Ping: [PATCH] Hoist adjacent pointer loads
William J. Schmidt
wschmidt@linux.vnet.ibm.com
Wed May 16 19:47:00 GMT 2012
Ping.
Thanks,
Bill
On Thu, 2012-05-03 at 09:33 -0500, William J. Schmidt wrote:
> This patch was posted for comment back in February during stage 4. It
> addresses a performance issue noted in the EEMBC routelookup benchmark
> on a common idiom:
>
> if (...)
> x = y->left;
> else
> x = y->right;
>
> If the two loads can be hoisted out of the if/else, the if/else can be
> replaced by a conditional move instruction on architectures that support
> one. Because this speculates one of the loads, the patch constrains the
> optimization to avoid introducing page faults.
>
> Bootstrapped and regression tested on powerpc-unknown-linux-gnu with no
> new failures. The patch provides significant improvement to the
> routelookup benchmark, and is neutral on SPEC cpu2000/cpu2006.
>
> One question is what optimization level should be required for this.
> Because of the speculation, -O3 might be in order.

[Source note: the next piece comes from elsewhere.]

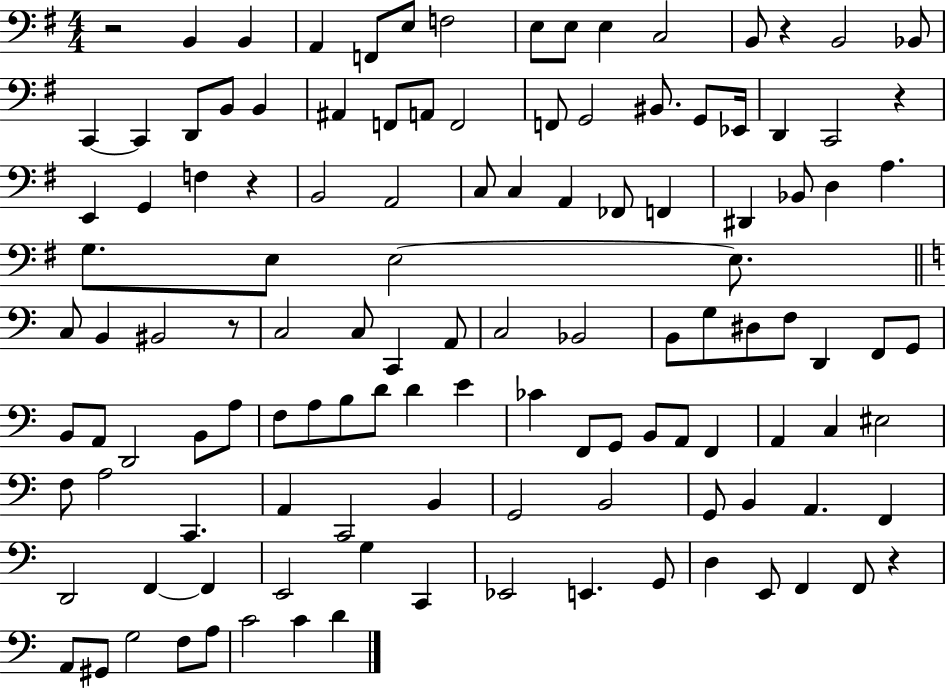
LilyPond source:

I don't believe
> -Ofast is required as there is no potential correctness issue involved.
> Right now the patch doesn't check the optimization level (like the rest
> of the phi-opt transforms), which is likely a poor choice.
>
> Ok for trunk?
>
> Thanks,
> Bill
>
>
> 2012-05-03 Bill Schmidt <wschmidt@linux.vnet.ibm.com>
>
> * tree-ssa-phiopt.c (tree_ssa_phiopt_worker): Add argument to forward
> declaration.
> (hoist_adjacent_loads, gate_hoist_loads): New forward declarations.
> (tree_ssa_phiopt): Call gate_hoist_loads.
> (tree_ssa_cs_elim): Add parm to tree_ssa_phiopt_worker call.
> (tree_ssa_phiopt_worker): Add do_hoist_loads to formal arg list; call
> hoist_adjacent_loads.
> (local_reg_dependence): New function.
> (local_mem_dependence): Likewise.
> (hoist_adjacent_loads): Likewise.
> (gate_hoist_loads): Likewise.
> * common.opt (fhoist-adjacent-loads): New switch.
> * Makefile.in (tree-ssa-phiopt.o): Added dependencies.
> * params.def (PARAM_MIN_CMOVE_STRUCT_ALIGN): New param.
>
>
> Index: gcc/tree-ssa-phiopt.c
> ===================================================================
> --- gcc/tree-ssa-phiopt.c (revision 187057)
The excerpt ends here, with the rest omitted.